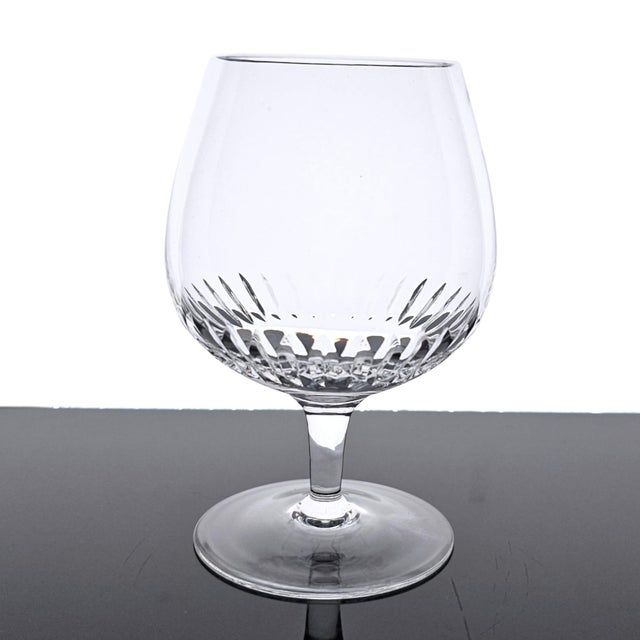 A matched set of four Rogaska Crystal brandy snifters, handcrafted in Slovenia circa 1995–2008. Each glass is formed in a...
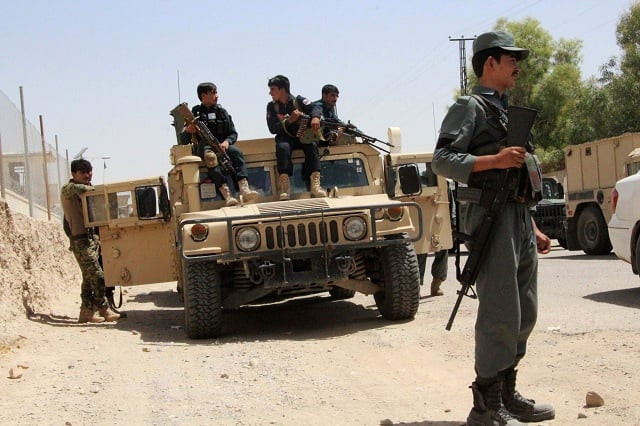 afghan security personnel sit on atop an armoured vehicles amid an ongoing battle with taliban militants in the gereshk district of helmand province on july 22 2017 a us airstrike has killed 16 policemen in afghanistan officials said july 22 the latest setback to washington 039 s efforts to bring peace to the war torn country the incident took place in helmand province on friday as afghan security forces attempted to clear a village of taliban militants salam afghan a police spokesman told afp photo afp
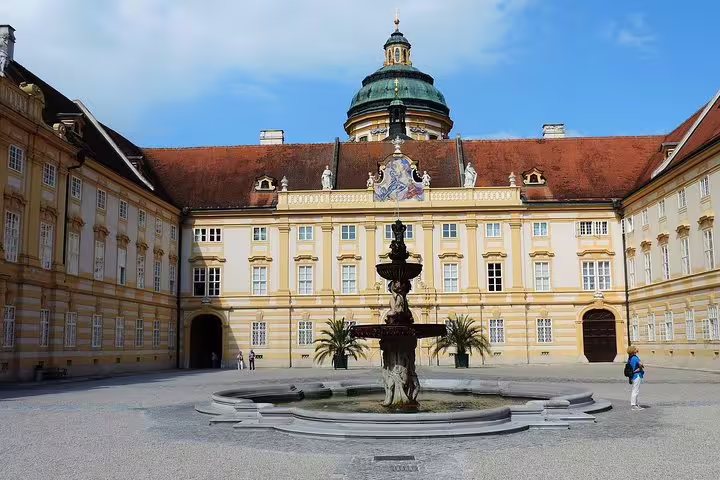 Melk Abbey courtyard fountain in Lower Austria, a highlight stop on a private Wachau Valley day trip from Vienna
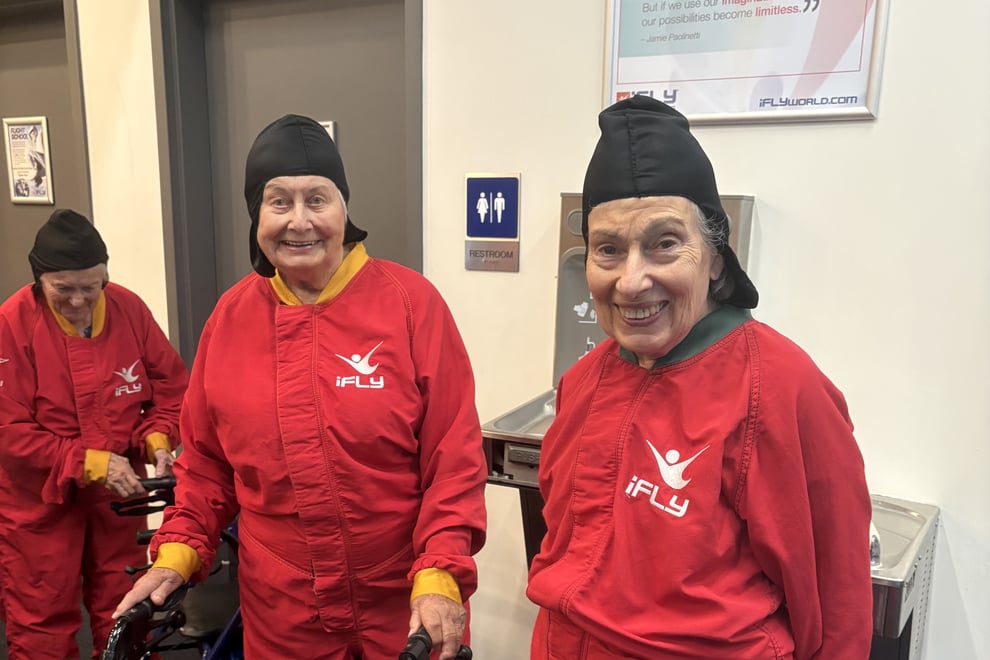 arbor-terrace-sudley-manor-smiling-seniors-in-flight-suits-and-caps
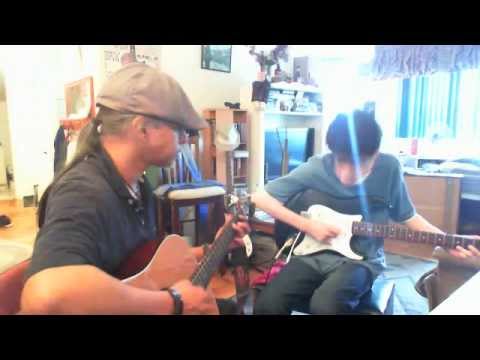 Robert and I trying to play something like the blues on his new guitar !! lol lol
▬▬▬▬▬▬
• PROBLEM STATEMENT
If an entry contains an image, print the rest of that entry exactly and leave the image out.

• EXPECTED ANSWER
 A matched set of four Rogaska Crystal brandy snifters, handcrafted in Slovenia circa 1995–2008. Each glass is formed in a...
 afghan security personnel sit on atop an armoured vehicles amid an ongoing battle with taliban militants in the gereshk district of helmand province on july 22 2017 a us airstrike has killed 16 policemen in afghanistan officials said july 22 the latest setback to washington 039 s efforts to bring peace to the war torn country the incident took place in helmand province on friday as afghan security forces attempted to clear a village of taliban militants salam afghan a police spokesman told afp photo afp
 Melk Abbey courtyard fountain in Lower Austria, a highlight stop on a private Wachau Valley day trip from Vienna
 arbor-terrace-sudley-manor-smiling-seniors-in-flight-suits-and-caps
 Robert and I trying to play something like the blues on his new guitar !! lol lol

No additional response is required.